In the entries below, which lines run from the one with "Tranh mẫu 3: ước" through the one with "Черная кружевная маска"? Repeat exactly those, both included, and no pictures.

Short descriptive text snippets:
┄┄┄┄┄┄
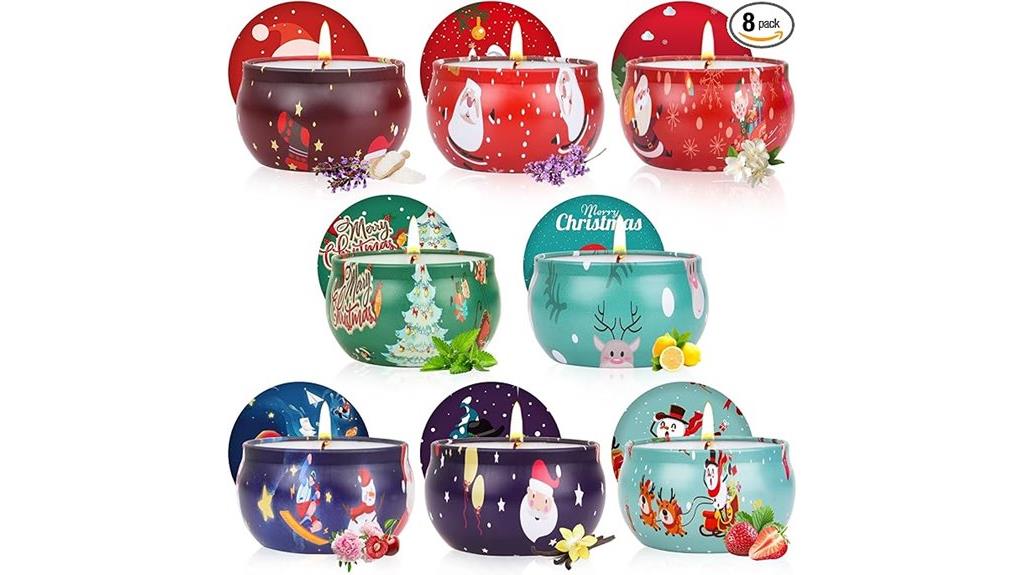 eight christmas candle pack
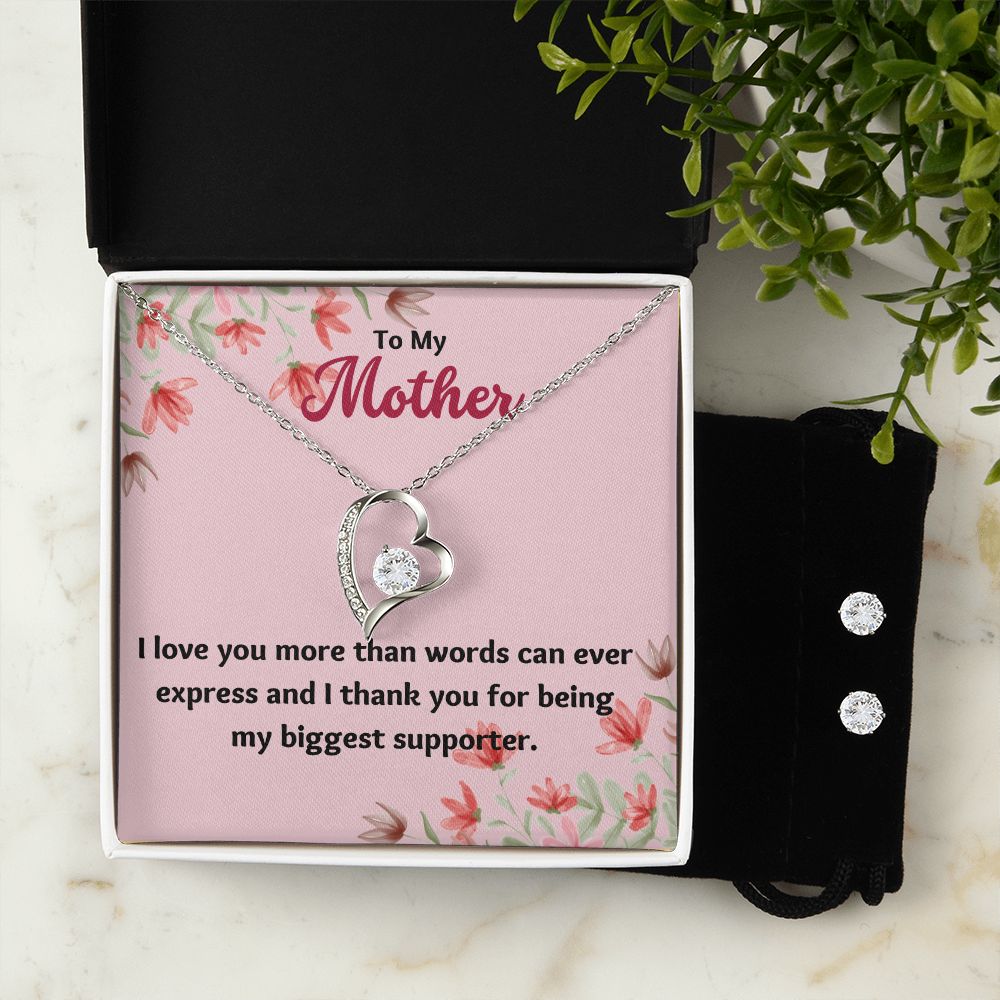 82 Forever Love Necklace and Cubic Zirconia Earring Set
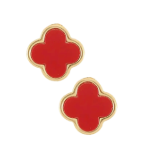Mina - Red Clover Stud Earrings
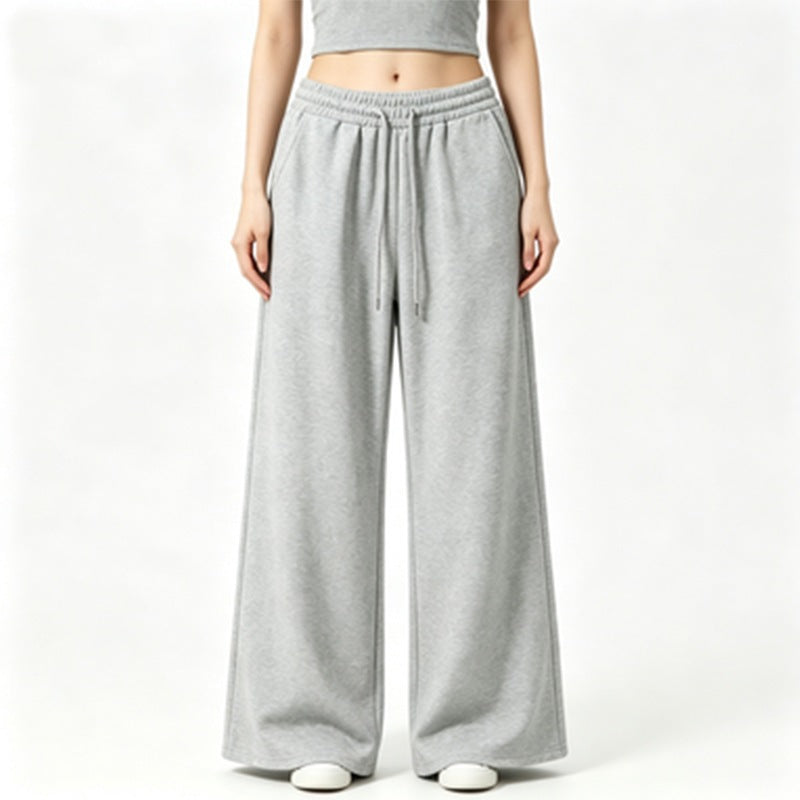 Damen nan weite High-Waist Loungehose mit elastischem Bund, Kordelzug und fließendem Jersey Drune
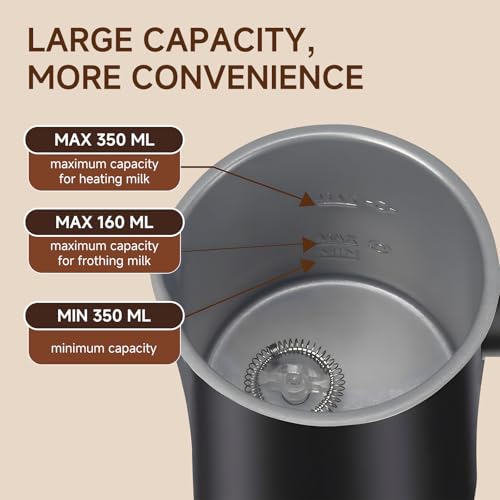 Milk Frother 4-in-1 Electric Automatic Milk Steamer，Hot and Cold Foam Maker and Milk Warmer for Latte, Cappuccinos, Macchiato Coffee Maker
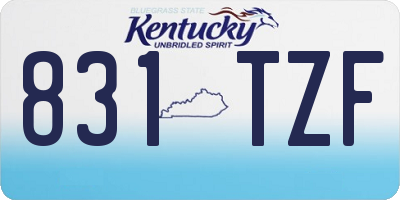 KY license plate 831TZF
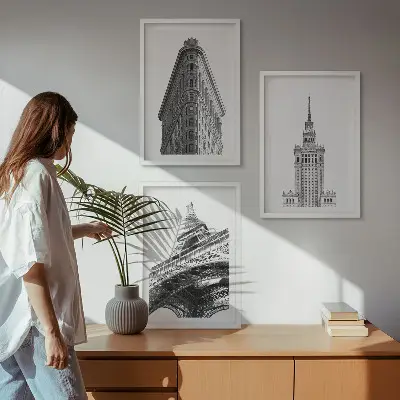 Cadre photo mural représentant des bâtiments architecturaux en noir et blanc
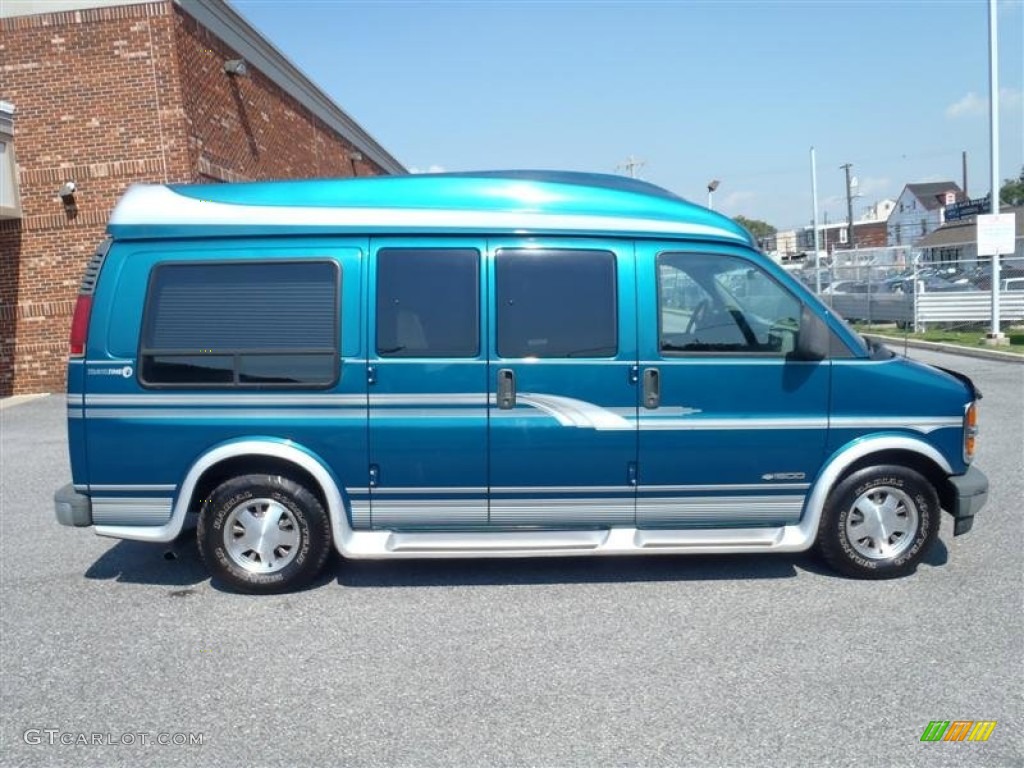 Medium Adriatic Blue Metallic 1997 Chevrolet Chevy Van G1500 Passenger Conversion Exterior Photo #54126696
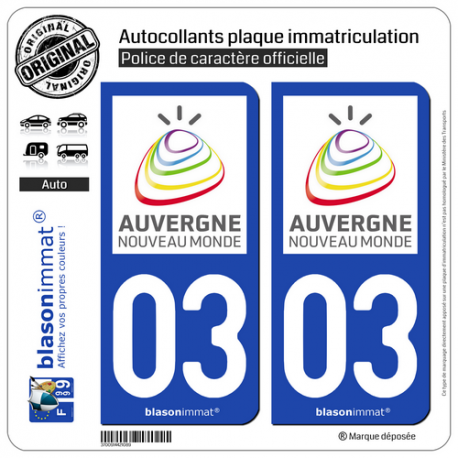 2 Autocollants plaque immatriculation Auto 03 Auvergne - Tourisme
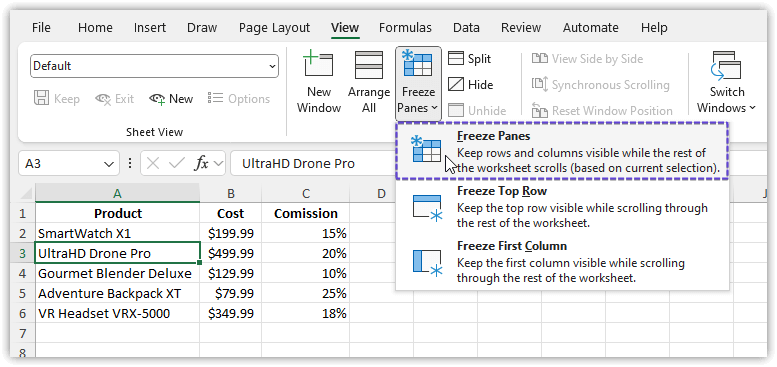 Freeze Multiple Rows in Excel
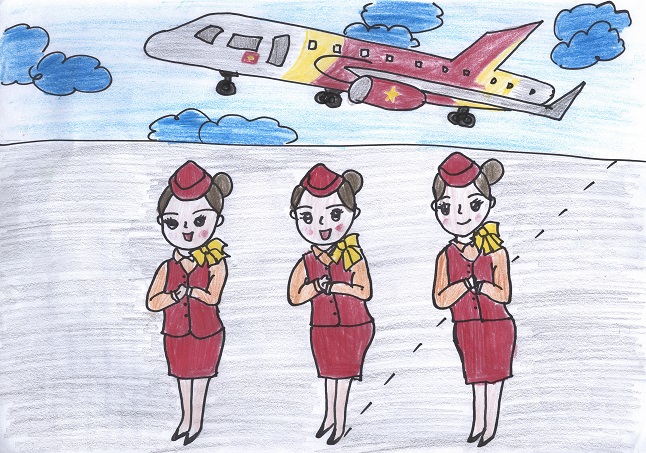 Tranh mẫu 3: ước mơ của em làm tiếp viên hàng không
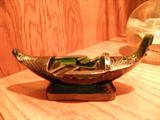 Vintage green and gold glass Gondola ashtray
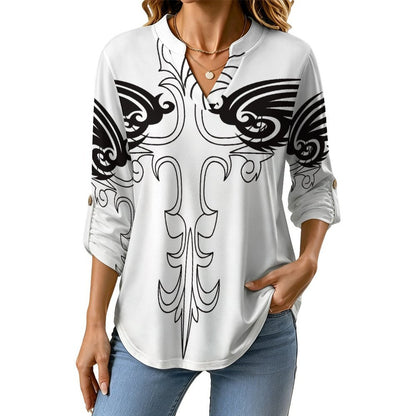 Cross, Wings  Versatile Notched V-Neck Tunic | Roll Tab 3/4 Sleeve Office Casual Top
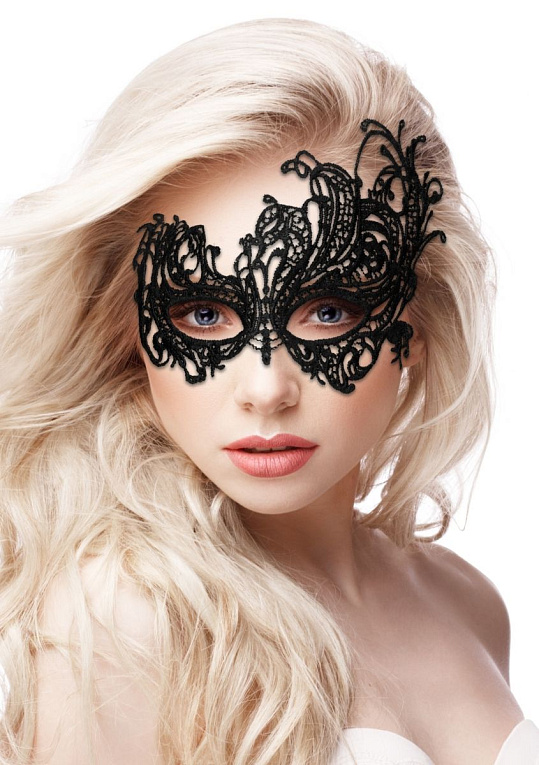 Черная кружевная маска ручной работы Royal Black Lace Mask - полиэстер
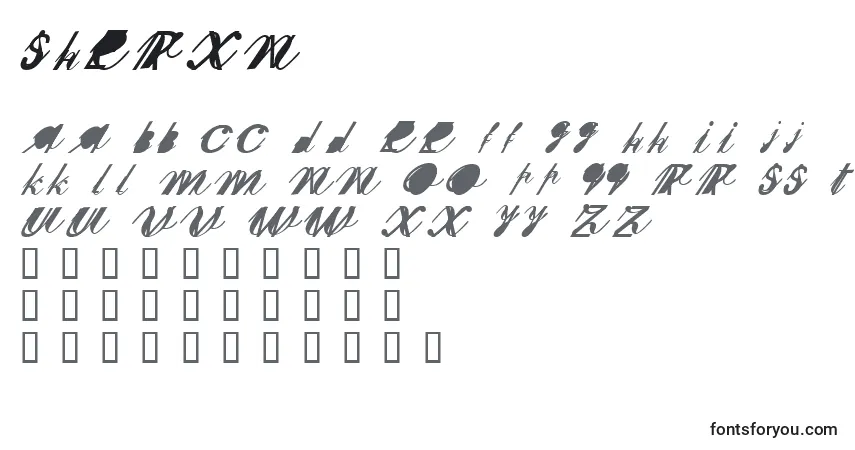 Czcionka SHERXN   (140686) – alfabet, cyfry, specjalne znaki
┄┄┄┄┄┄
Task result:
 Tranh mẫu 3: ước mơ của em làm tiếp viên hàng không
 Vintage green and gold glass Gondola ashtray
 Cross, Wings  Versatile Notched V-Neck Tunic | Roll Tab 3/4 Sleeve Office Casual Top
 Черная кружевная маска ручной работы Royal Black Lace Mask - полиэстер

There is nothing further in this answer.